1.5 Implications of Findings for Lead Exposure to Children

Ingesting lead particles is the typical route of lead exposure for children (ATSDR 2015), and no safe blood lead level in children has been identified (CDC 2013). Nevertheless, an estimated 535,000 US children age 1–5 years have blood lead levels of ≥5 μg/dL, the threshold for adverse health effects of lead exposure in young children (CDC 2013). Such a finding suggests that every effort should be made to protect children from all potential sources of exposure to lead.

A multiagency federal study on lead exposures in US children (Levin et al. 2008) found that ≥30 % of children do not have an immediate lead paint hazard. According to the EPA (2005), “There are sources [other than lead-based paint] which may contribute to elevated blood lead levels, perhaps significantly. These sources include certain products that contain lead (such as wheel weights).” Wheel weights pose a health risk because most are lost at major intersections where pedestrians are apt to step on abraded lead grit and transport it home on their shoes, where young children can get it onto their hands and into their mouths. “Lead is particularly dangerous to children because their growing bodies absorb more lead than adults do and their brains and nervous systems are more sensitive to the damaging effects of lead” (EPA 2015b).

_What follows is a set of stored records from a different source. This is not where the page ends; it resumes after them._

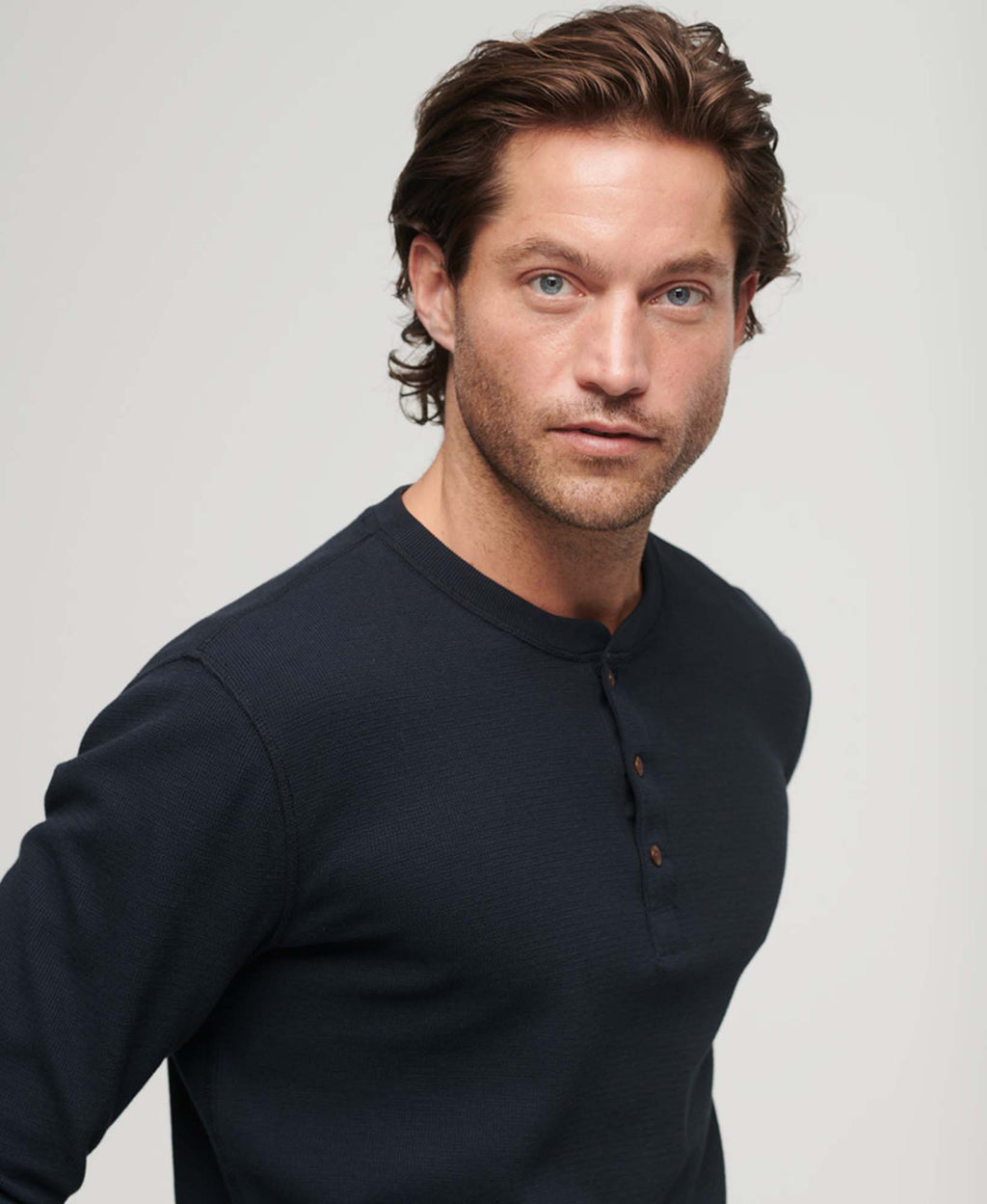 Waffle Henley longsleeve shirt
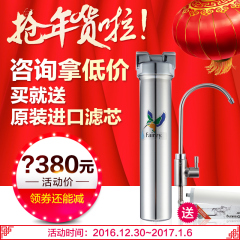 fairey道尔顿净水器家用直饮水龙头自来水净水器台下过滤器FIS101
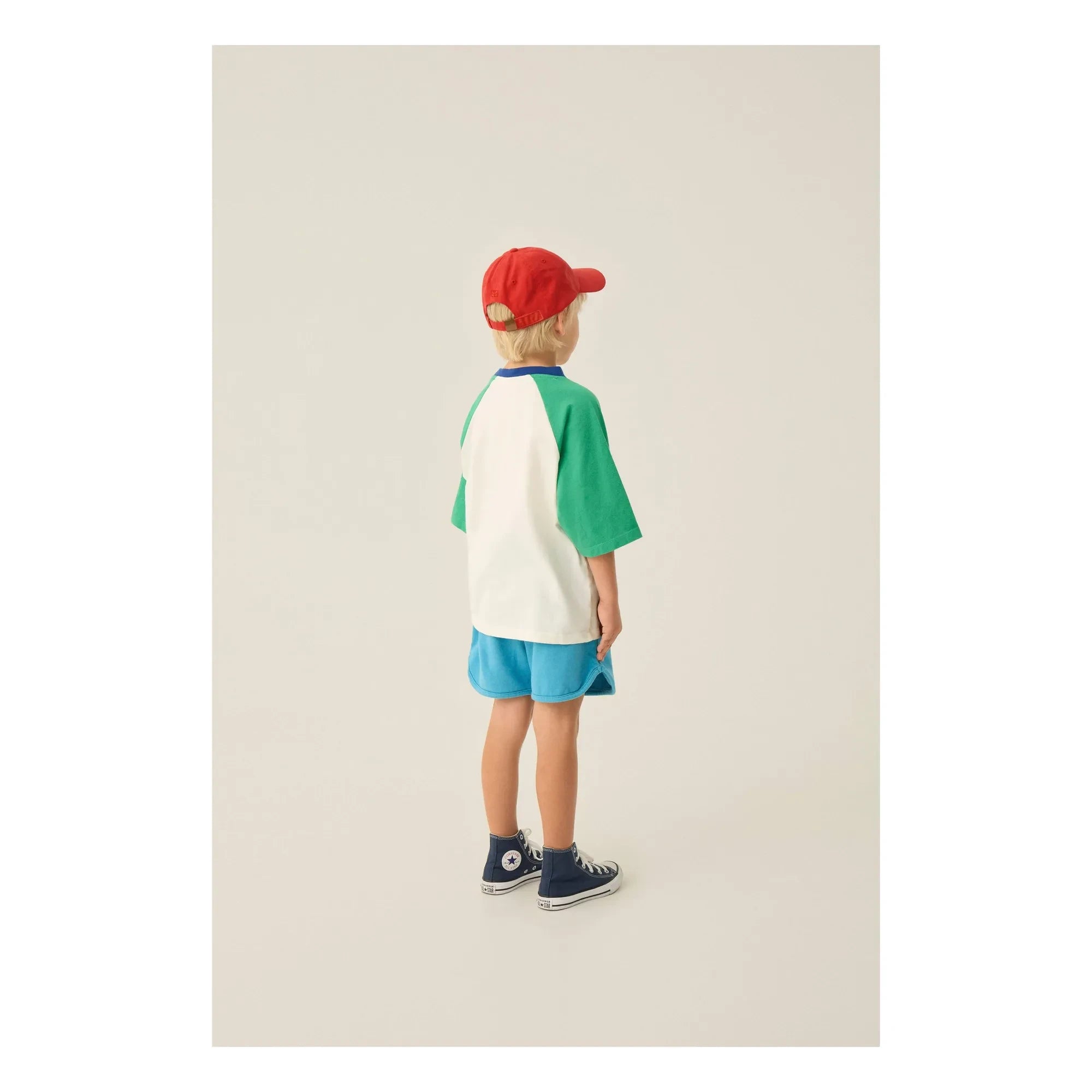 The Campamento – Oversize T-Shirt mit Farbblöcken | Ecru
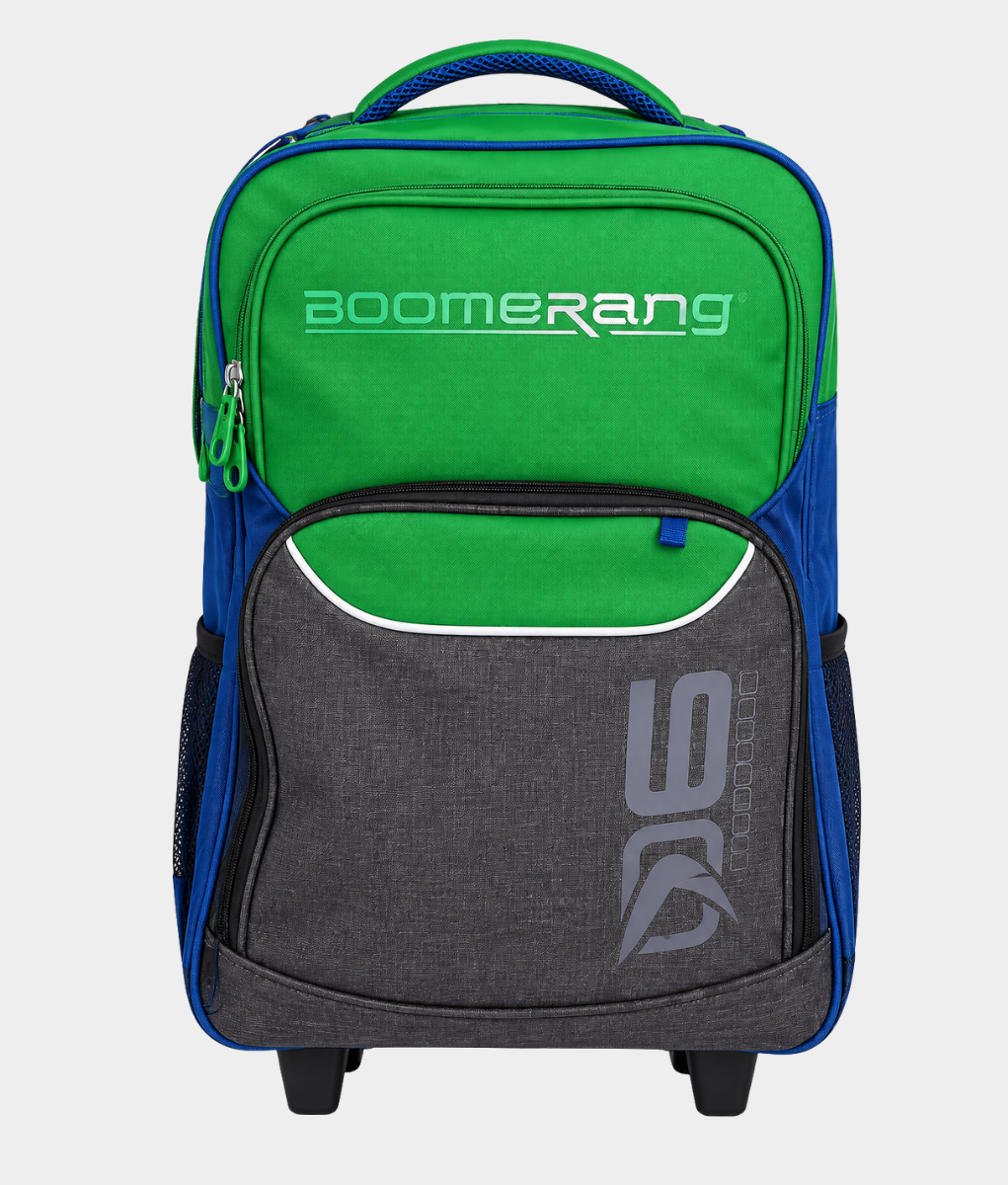 Boomerang Large Nylon Trolley Bag – Green / Multi-Use Travel & School Bag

Had the EPA fulfilled the commitment it made six years ago to ban lead wheel weights (New York Times 2009), this source of lead pollution might no longer exist in the United States.

2 Conclusion

This analysis demonstrates that the NJDEP estimate of the quantity of lead lost on New Jersey roads is low and that approximately 23 to 26 metric tons per year of lead rather than the NJDEP estimate of 40 kg enter the New Jersey environment as small particles from the abrasion of lead wheel weights. Several of the NJDEP “steady-state” surveys were not at a steady state; deposition and abrasion rates were principally based on a single 1-km-long, four-lane road. Moreover, the estimate of abrasion based on a painted weight study whose results are essentially worthless led to their impossibly low estimate of wheel weight abrasion. The failure to measure or even estimate the abrasion suffered by approximately half of the weights dispersed but not found or included in the painted weight study analysis constitutes a fatal defect in the design of the study. Sadly, the EPA’s Integrated Science Assessment for Lead (EPA 2013) uses the estimate of 0.04 % per day derived from the NJDEP painted weight study rather than the 5 % per day estimate derived from the NJDEP “steady-state” surveys.

Importantly, the NJDEP study fails to address the real issue: whether lead abraded from wheel weights contributes to the lead burden of the people of New Jersey, especially young children, and if so, to what extent? To determine if abraded particles of lead wheel weights, which are made of antimonious lead, contribute to the lead poisoning of children, a study should have been conducted using the diagnostic clue of the presence of antimony.

The New Jersey legislature has proposed a ban on lead wheel-balancing weights for all vehicles within the state, including passenger and commercial vehicles (Tire Busines.com 2015). The continued use of lead wheel weights is, of course, unnecessary; wheel weights made of steel and zinc are commercially available in the United States. Because of the lack of federal regulation, it is imperative that states act to protect children from the serious long-term effects of lead poisoning. We are all responsible for the welfare of the nation’s children and must therefore demand that regulations prohibiting the manufacture, processing, distribution in commerce, use, and improper disposal of lead wheel-balancing weights be enacted and enforced.